This is the time of "spin." The Democrats sound as if they were victims of an IED blast, delighted to have only lost an arm and a leg instead of two of each. The Republicans sound like roosters believing that the sun rose because they crowed.
The reality check is more complex. The Democrats were sharply defeated, losing the House of Representatives, but not as catastrophically as was predicted earlier in the summer. And, they retained control of the Senate, saving their vulnerable majority leader Harry Reid. Moreover, Democrats gained a great, oft unmentioned prize: the governorship of California, which will assist them substantially in the 2012 presidential election.

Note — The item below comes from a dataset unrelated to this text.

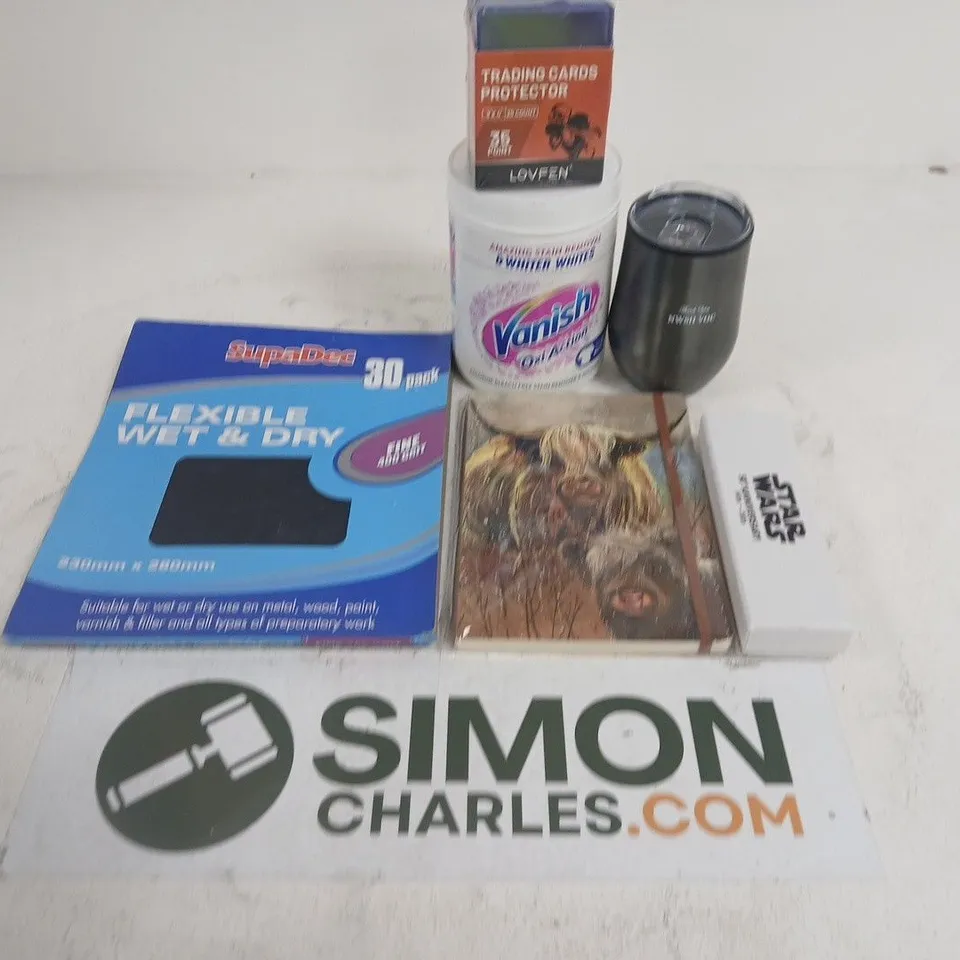 APPROXIMATELY 15 ASSORTED HOUSEHOLD PRODUCTS TO INCLUDE- VANISH OXI ACTION, SUPADEC WET & DRY SHEETS, TRADING CARD PROTECTORS, STAR WARS PEN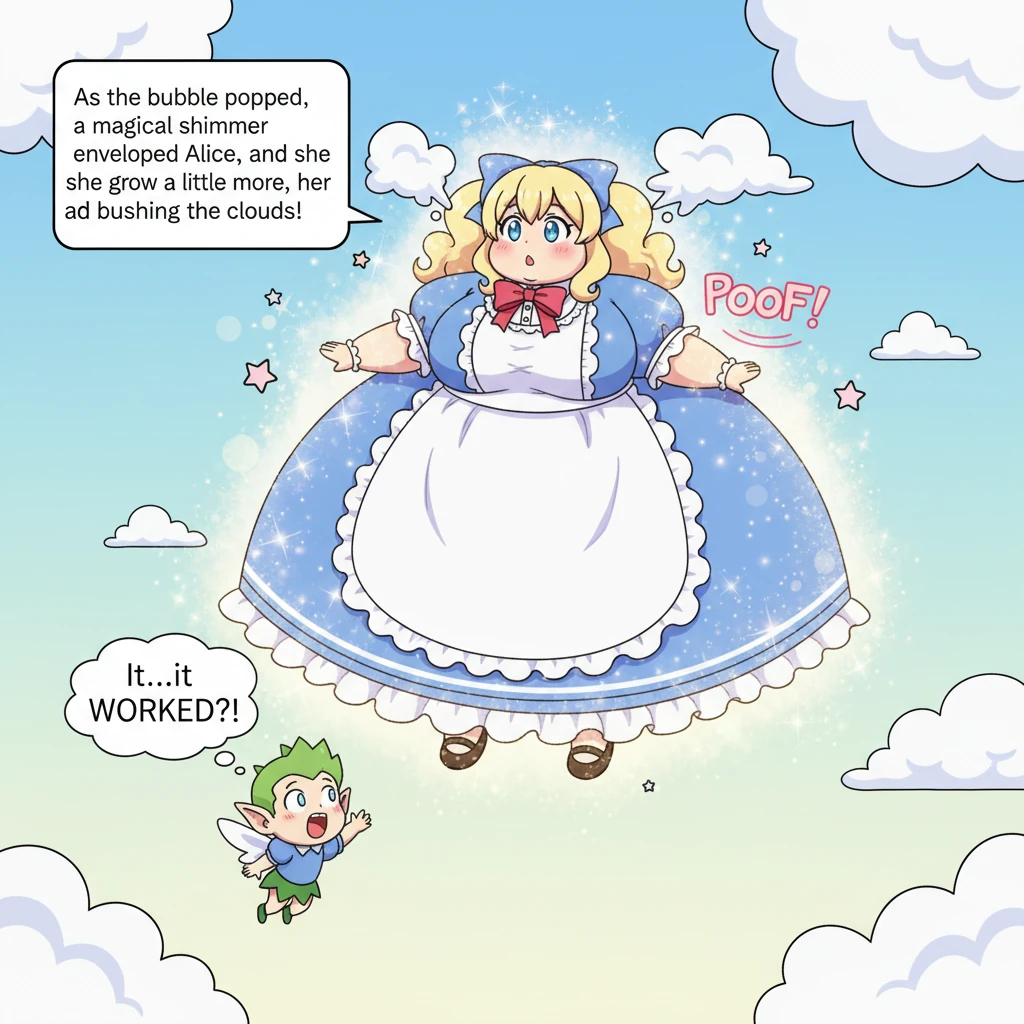 As the bubble popped, a soft, magical shimmer enveloped Alice, and she seemed to swell just a little more, her form expanding with a gentle "poof" sou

The Republican victory was substantial--very much so--but again with caveats. The party victorious in the presidential election almost always loses seats in the subsequent "off year" mid-term election. Additionally, a good number of Republican victories were "reclama" events; the massive Obama sweep of 2008 elected Democrats in traditional Republican districts. Victories against such newbie Democratic representatives reflected the pendulum returning toward equilibrium. So some gains were simply the consequence the Obama tidal wave receding.
And knowing U.S. predilection for litigious approaches some contested elections probably won't be decided until July 4.
Nevertheless, contradicting predictions from 2008 when various observers believed the Republicans were dead for a generation, the corpse arose. And for this resurrection, the "Tea Party" deserves substantial credit. Unorganized, amorphous, chaotic, multifaceted, the Tea Party provided the proverbial "mad as hell and not going to take it anymore" galvanic energy that disinterred the Republicans. Reacting against the imperial overstretch and snide condescension that epitomized the Obama administration, Tea Party acolytes, in and out of office, sparked the opposition. But demonstrating that every positive has a negative, they adopted more-conservative-than-thou semi-litmus tests probably costing Republicans victories in senate races that would have won both houses of Congress. Now the Republicans have the problem of trying to live in the same structure with a more than infrequently furious "adolescent" with tremendous energy and commitment, but who believes his parents are idiots. For now, the Republicans are happy with the energized results and hope Tea Party fury will continue focused against Democrats and not prompt a third party movement.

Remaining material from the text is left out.